La Hora de la Verdad

Miguel Ángel Malavia

Gobernar, ¿para qué?

Escribo este artículo sin retranca ni ironía. Quiero creer que Pedro Sánchez se metió en política por la pasión de defender lo público y promover la equidad en nuestra sociedad; es decir, por ser socialista. Por eso mismo, una vez que ha alcanzado el liderazgo de un partido esencial en la historia de España como es el PSOE, no dudo de que ese mismo afán presidirá sus desvelos ahora que se ha presentado a unas elecciones generales con el fin de ser presidente del Gobierno. Sin embargo, intuyo que, con los resultados que depararon las urnas, la voluntad de los españoles no es la que podría definir una coalición entre su partido, Podemos y distintas fuerzas partidarias de romper con la Constitución y la unidad de España.

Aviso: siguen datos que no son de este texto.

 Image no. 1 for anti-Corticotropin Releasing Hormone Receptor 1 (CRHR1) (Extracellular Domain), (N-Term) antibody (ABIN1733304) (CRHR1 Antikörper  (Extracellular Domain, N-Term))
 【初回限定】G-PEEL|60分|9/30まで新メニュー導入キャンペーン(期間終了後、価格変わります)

Pero es que, yendo más allá, el propio Pedro Sánchez ha repetido siempre que el PSOE está por la reforma y no por la ruptura. Es decir, que hay que mejorar la Constitución, no abolirla y echarse al monte de la aventura que supondría elaborar una nueva en un tiempo de crisis, sin consenso y con políticos de mucha menos altura de miras que los que impulsaron la Transición, tan denostada injustamente por muchos. Siendo esto así, ¿con qué compañeros de viaje habría de recorrer el camino de gobernar un país tan complejo como España? ¿Con el Podemos que, directamente, preconiza un cambio de régimen y cuyo líder, reiventándose una vez más, exige la vicepresidencia y varios ministerios clave? ¿Con la IU-Unidad Popular que no puede ni sentarse a hablar con los de Podemos y mantiene su mismo discurso rupturista? ¿Con la ERC o la camuflada Convergencia que se han declarado insurrectos ante el Estado, es decir, ante el conjunto de los ciudadanos españoles? ¿Con el PNV que, según hemos visto esta semana, quiere volver a los tiempos de Ibarretxe?

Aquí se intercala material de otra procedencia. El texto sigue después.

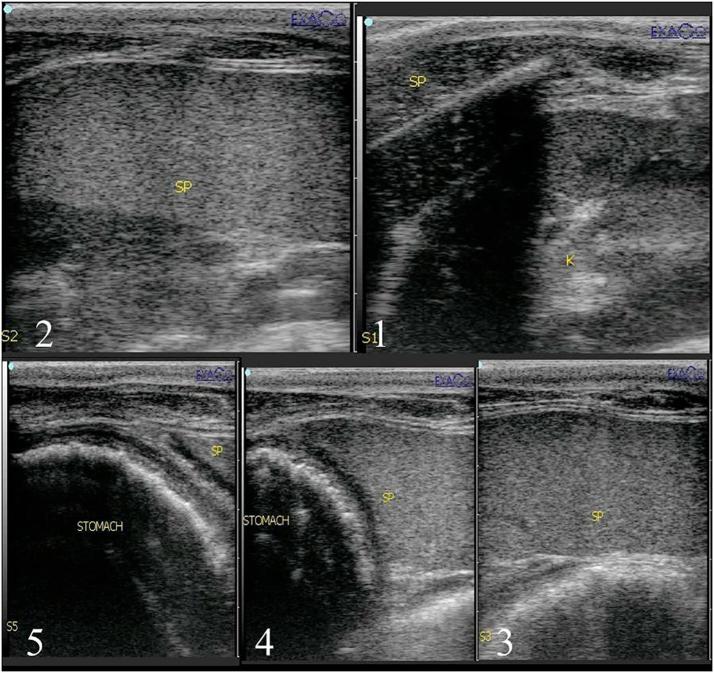 Ultrasonography guidance for total splenectomy in donkeys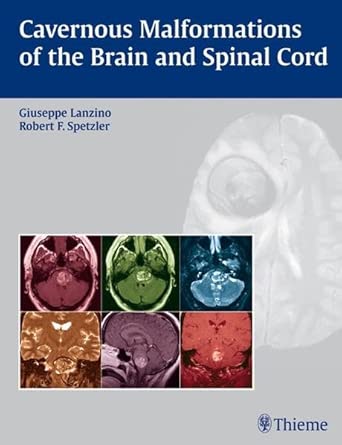 Cavernous Malformations of the Brain and Spinal Cord book cover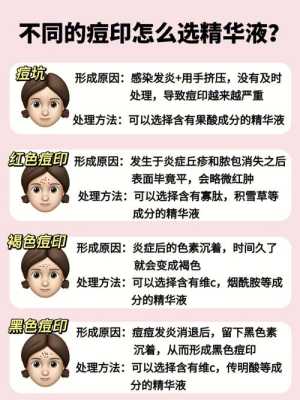 长痘痘怎么处理（长痘痘怎么处理不会留痘印）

Entiendo que Pedro Sánchez no quiera permitir cuatro años más de gobierno de un PP de Mariano Rajoy que está en sus antípodas ideológicas (aunque les unan ideas esenciales que ambos ignoran por el eterno rédito electoral). Sabe que, de hacerlo, el PSOE podría caer en el abismo por una generación. Entonces, ¿por qué no unas nuevas elecciones que aclaren el panorama? Parto de la base de que sería una mala noticia y de que es penoso que no se pueda concretar lo que han dirimido los ciudadanos, pero hay que analizar si lo que puede estar por venir ante el panorama actual puede ser peor.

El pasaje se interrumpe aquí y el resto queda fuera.